I have a vector with dates in this format (example of the first 6 rows):

 Dates<-c(
   "Sun Oct 04 20:33:05 EEST 2015",
   "Sun Oct 04 20:49:23 EEST 2015",
   "Sun Oct 04 21:05:25 EEST 2015",
   "Mon Sep 28 10:02:38 IDT 2015", 
   "Mon Sep 28 10:17:50 IDT 2015",
   "Mon Sep 28 10:39:48 IDT 2015")

I tried to read this variable Dates to R using as.Date() function:

as.Date(Dates,format = "%a %b %d %H:%M:%S %Z %Y")

but the process failed as %Z parameter is not supported in the input. The time zones differ throughout the vector. What are the alternatives to read data correctly with respect to the time zone?

1条回答
2楼-- · 2019-08-25 08:37

This solution requires some simplifying assumptions. Assuming you have many elements in your vector, the best approach is to use a database of timezone offsets to figure out what each time is (in a chosen locale, such as GMT). The timezone data I used is the timezone.csv file from https://timezonedb.com/download

#Create sample data
Dates<-c(
  "Sun Oct 04 20:33:05 EEST 2015",
  "Sun Oct 04 20:49:23 EEST 2015",
  "Sun Oct 04 21:05:25 EEST 2015",
  "Mon Sep 28 10:02:38 IDT 2015", 
  "Mon Sep 28 10:17:50 IDT 2015",
  "Mon Sep 28 10:39:48 IDT 2015")

#separate timezone string from date/time info
no_timezone <- paste(substr(Dates, 1, 19), substr(Dates, nchar(Dates)-3, nchar(Dates)))
timezone <- as.data.frame(substr(Dates, 21, nchar(Dates)-5))
colnames(timezone) <- "abbreviation"

#reference timezone database to get offsets from GMT
timezone_db <- read.csv(file="timezonedb/timezone.csv", header=FALSE)
colnames(timezone_db) <- c("zone_id", "abbreviation", "time_start", "gmt_offset", "dst")
timezone_db <- timezone_db[timezone_db$dst == 0, ]
timezone_db <- unique(timezone_db[,c("abbreviation", "gmt_offset")])
timezone_db <- timezone_db[!duplicated(timezone_db$abbreviation), ]

#adjust all time to GMT
time_adjust <- merge(timezone, timezone_db, all.x=TRUE, by="abbreviation")
gmt_time <- strptime(no_timezone, format = "%a %b %d %H:%M:%S %Y", tz="GMT")

#final data
Dates_final <- gmt_time - time_adjust$gmt_offset

Depending on how exact your data needs to be, be careful to adjust for daylight savings if necessary. Also, I don't know much about time zones, but I noticed that for some reason, certain time zones can have multiple offsets. In the original database, CLT (Chilean time) can vary from 3-5 hours from GMT, for some reason.

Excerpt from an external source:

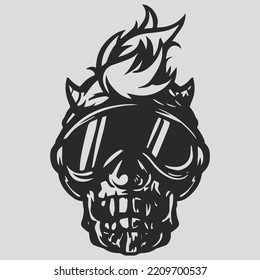 skull illustration with stunning detail. vector skull clip art easy to use. black and white skull logo.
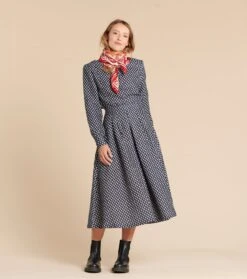 Jupe ALIETTE Petit Sapin Jacquard Bleu Et Blanc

For this exercise, my code simply takes the first of each time zone's offset from the database and assumes no daylight savings day. This may be sufficient if your work doesn't require such precision, but you should QA and validate your work either way.

Also, note that this solution should be robust for date changes as well. For example, if the time is adjusted from 1am to 11pm, then the date should revert back one day.